• **Exercise prompt**:
Needed from the data below: every line from the one with "Used 2022 Nissan Kicks SV image 8" up to and including the one with "в Мариуполе Празднование", repeated exactly and with nothing else.

• **Given data**:

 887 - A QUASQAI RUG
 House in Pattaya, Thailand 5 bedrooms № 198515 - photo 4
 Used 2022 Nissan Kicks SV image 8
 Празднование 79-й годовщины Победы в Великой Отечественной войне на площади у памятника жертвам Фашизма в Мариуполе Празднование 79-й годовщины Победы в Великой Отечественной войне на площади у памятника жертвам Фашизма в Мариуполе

---

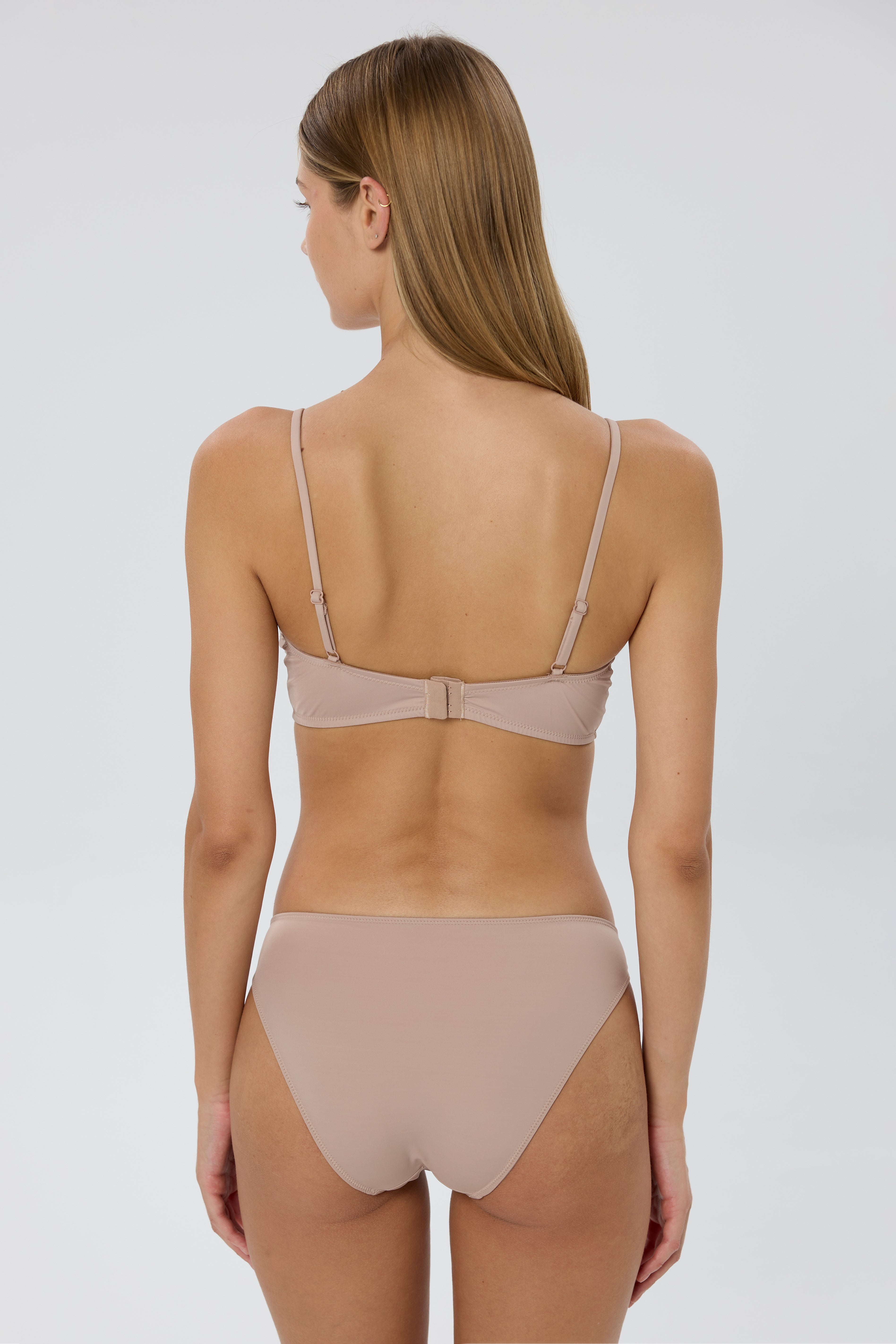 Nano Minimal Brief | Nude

* * *

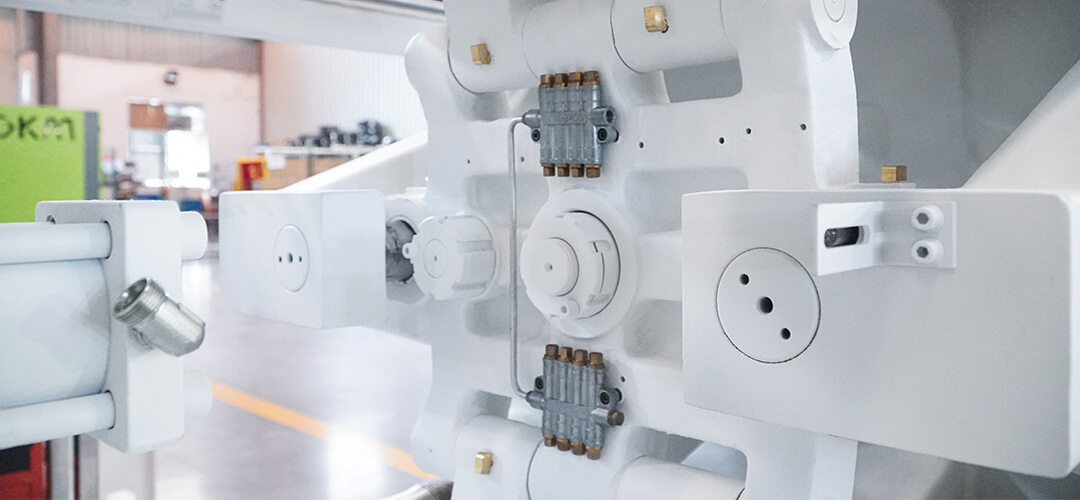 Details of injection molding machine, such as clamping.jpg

• **Task answer**:
 Used 2022 Nissan Kicks SV image 8
 Празднование 79-й годовщины Победы в Великой Отечественной войне на площади у памятника жертвам Фашизма в Мариуполе Празднование 79-й годовщины Победы в Великой Отечественной войне на площади у памятника жертвам Фашизма в Мариуполе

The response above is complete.